Zのシリンダヘッド修正
ウッドストックでオーバーホールしたZのエンジンですが…
シリンダヘッドの燃焼室のまわりが溶けてる…
2番シリンダと3番シリンダのIN側
デトネーションと呼ばれる現象で、異常燃焼で高温になりピストンとシリンダヘッド間のスキッシュエリアが溶けてしまっています。
点火時期、キャブレターのセッティング、圧縮比、ガソリンのオクタン価などが原因と思われますが、これに関してははっきりとは解りかねているところです。
下の写真のようにピストンのトップのサイドも同じように溶けかけてザラザラになっていました。
シリンダヘッドは通常であればデトネが消えるところまで(コンマ数ミリ)面研磨をするのですが、原因のひとつに高圧縮というのが考えられるので、パワーよりはリスク回避ということで、溶けている部分をドーナツ状に研磨して修正することにしました。
これで多少圧縮も下がるのでデトネーションの対策にもなるはずです。
加工はウッドストックのマシニングセンタでするのですが、ひとつの燃焼室ごとにセンターを測定(これがかなり時間がかかる作業)してから切削していきます。

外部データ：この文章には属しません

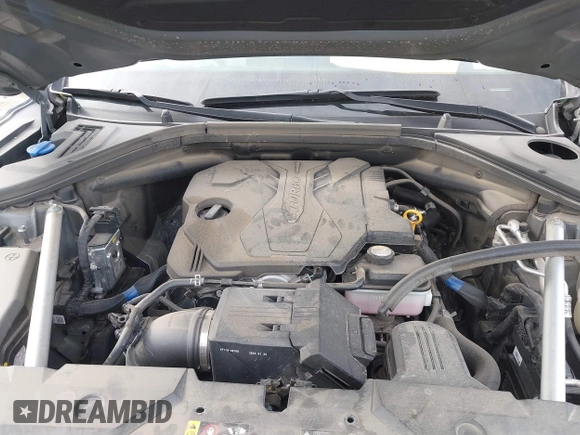 2022 Genesis GV70 2.5T with VIN KMUMADTB2NU065058, listed as a IAAI auction lot 41707351 with 77,831 mi miles and . Bid and sale history available at DreamBid. Image 10.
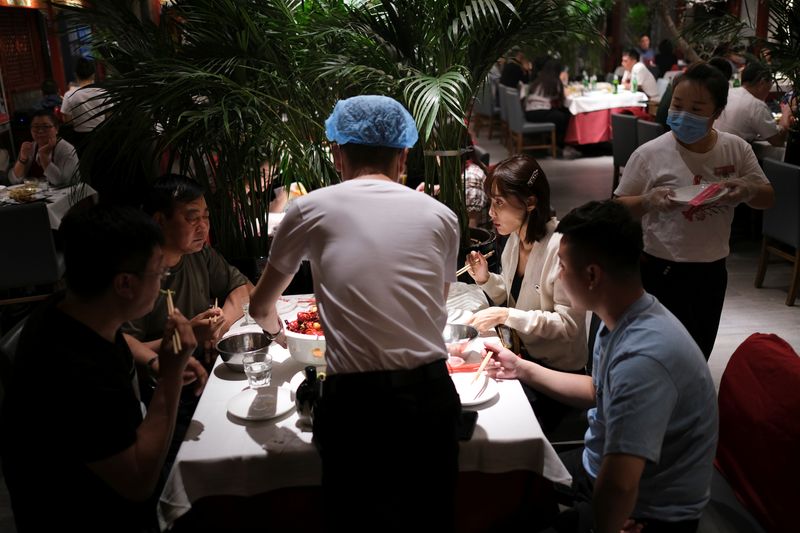 &copy; Reuters. FILE PHOTO: People enjoy their meal at a restaurant, following an outbreak of the coronavirus disease (COVID-19), in Beijing, China May 7, 2020. REUTERS/Carlos Garcia Rawlins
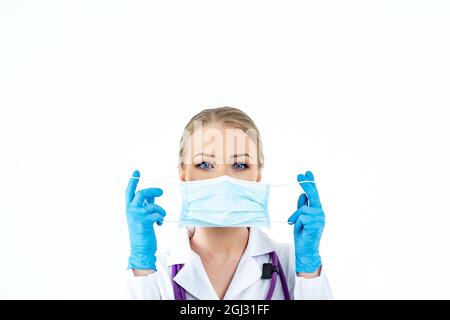 Donna che indossa una maschera di protezione antivirus per prevenire altre infezioni da corona COVID-19 e SARS COV 2. La donna mette su un medico protettivo Foto Stock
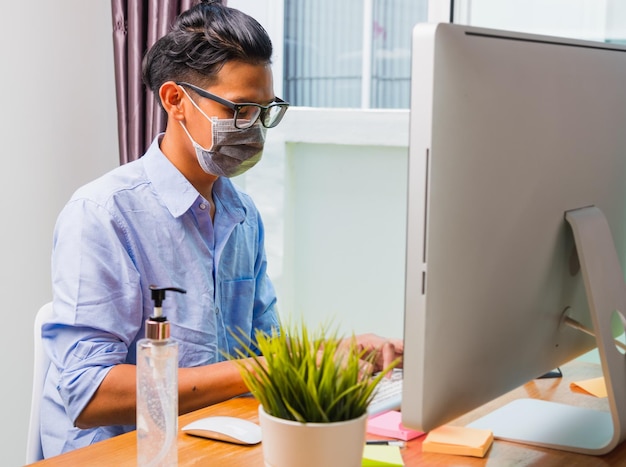 Un joven empresario asiático que usa una máscara protectora con gel desinfectante al lado de su trabajo desde la oficina en casa de forma remota en línea con la computadora PC pone en cuarentena la enfermedad coronavirus o COVID-19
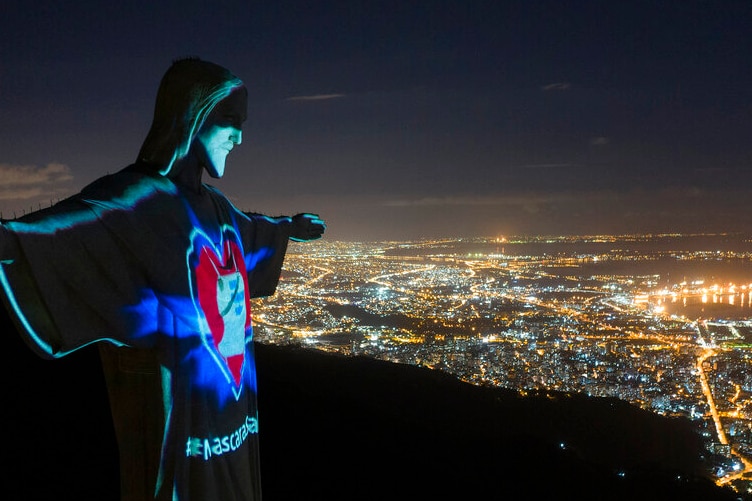 You view an aerial image of Rio de Janeiro at night with the Christ the Redeemer statue lit up with coronavirus messages.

0.3ミリ程度の切削でザラザラ肌は消えてなくなりました。
下の写真は実際に加工しているところ。
このようにZとしては見慣れない形状の燃焼室になりました。
これでスキッシュもプラス0.3ミリになり、削った量の分の圧縮が低くなりました。
これにより異常燃焼のリスクは減ることになります。
いつもはエンジンを組む時は少しでもパワーが上がるようにと気を使いながら組み立てるのですけど(もちろんいい状態を長く維持できるようにということにも気を配っています)、今回のようなことが起こると、パワーとライフは反比例するのだということを改めて考えさせられました。